Here are some brief highlights: 

  • Paul Nemitz, director, Fundamental Rights and Union Citizenship at the European Commission’s Directorate General for Justice and Consumers, stressed that companies providing services into Europe also need to adapt their business models, and confirmed that talks to clarify trans-border data flows with countries like Japan and Korea have already started to ensure they can fulfill the adequacy agreement.
  • Joe McNamee of European Digital Rights added that transparency is needed for trust. “We are in the midst of a revolution as with big data, combining individual bits of data can lead to new information that neither the individual nor the data collection might anticipate,”  he said.

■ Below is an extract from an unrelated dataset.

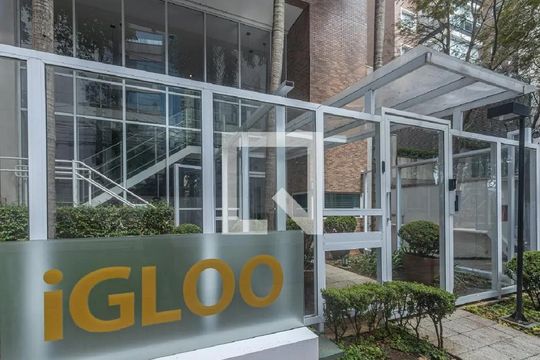 Fachada de apartamento à venda com 1 quarto, 56m² em Vila Olímpia, São Paulo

Critical towards third parties that collect and sell web-traffic data designing privacy statements to obfuscate what is being done with the data, he urged researchers to bring consumers into the equation to build trust.
  • But while researchers want and need to maintain this trust, this is not always easy, which was also echoed by Giovanni Buttarelli, the European Data Protection Supervisor, saying, “Whilst the aim is to encourage cutting-edge research and to harness the power of big data, researchers must remember that consumers feel a growing lack of control about the personal data that is being processed which will only increase as connected objects and machine learning are adapted more widely.”

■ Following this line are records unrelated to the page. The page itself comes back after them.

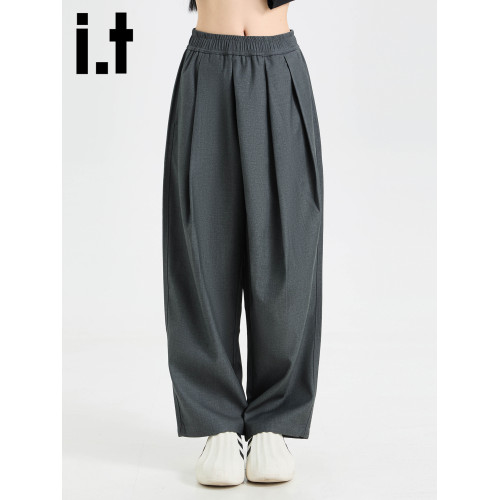 it :5cm/FIVECM薄款潮流西裝褲男女2025夏季休閒濶腿九分褲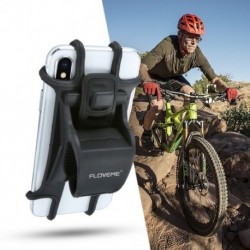 1x Kerékpár telefon-tartó univerzális mobiltelefon-tartó Bike kormánykerekes klip állvány GPS tartókeret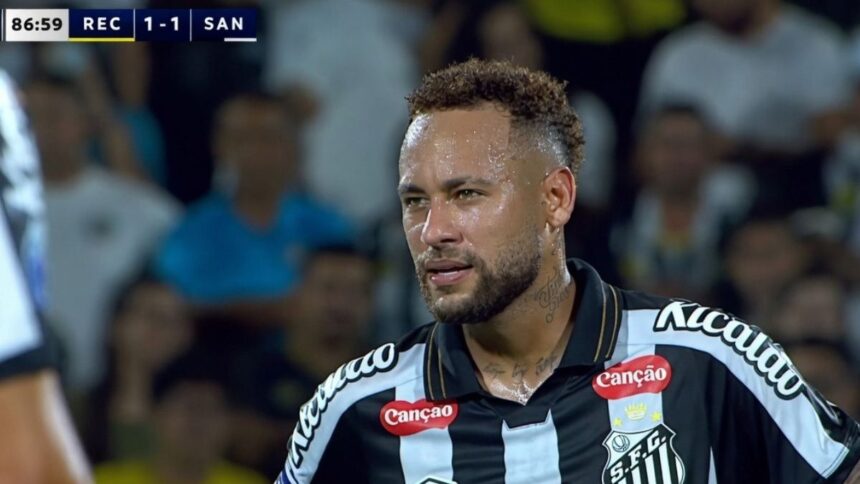 video:-neymar-perde-gol-inacreditavel-em-empate-do-santos-na-sul-americana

  • Professor Raimund Wildner of GfK Verein, a think tank studying the future of market research, said the new ICC/ESOMAR International Code reflects the future direction of the sector. He added that the speed of change is increasing and the business model is changing with it. Researchers used to define a universe and what a representative sample would be, then, using a questionnaire, they could make a statement about that universe. Falling response rates, however, have made this more difficult.
  • The GDPR has scope for sectors to draft codes of conduct to interpret how laws should apply. Nemitz encouraged the research sector to develop such a code to benefit from the special conditions for research and offered his help and support in developing a code. He also encouraged researchers to innovate by building privacy by design into their data processing set up, saying that any players involved in targeting should build compliance into their software and automated processes to avoid errors and huge fines.
  • Wildner explained that a recent GfK study of 32 professions in 28 countries found that trust in market research has stayed fairly constant because researchers understood the need to maintain confidence. They seek consent when possible, and otherwise the data must be unidentifiable to fall under the research umbrella. If identifiable data is to be shared, consent is needed before data collection begins.
  • Judith Passingham, CEO of Global Operations at Ipsos, agreed that companies need to build effective relationships with respondents and that this is increasingly challenging especially when doing multi-country work. Running more than 50 million interviews a year and using a range of platforms calls for huge development resources. Many respondents prefer to be accessed by mobile, and this impacts questionnaire-length and cuts down on the time to explain what is being done and what market research is. These issues are made more complex with the rise of new competitors, where research is just one of the things they do, and smaller companies that might not apply the same standards of rigor or belong to an association like ESOMAR.
  • The Summit thus clearly signaled the need for having an enabling environment for research, while also noting the importance of ethical and safe processing of personal data. This message was in particular highlighted by MEP Victor Negrescu, winner of the MEP Awards on Digital Agenda in 2015. He made the plea that legislators, industry and digital right groups should come together to understand how data can be used in an ethical and secure way to create a thriving economy.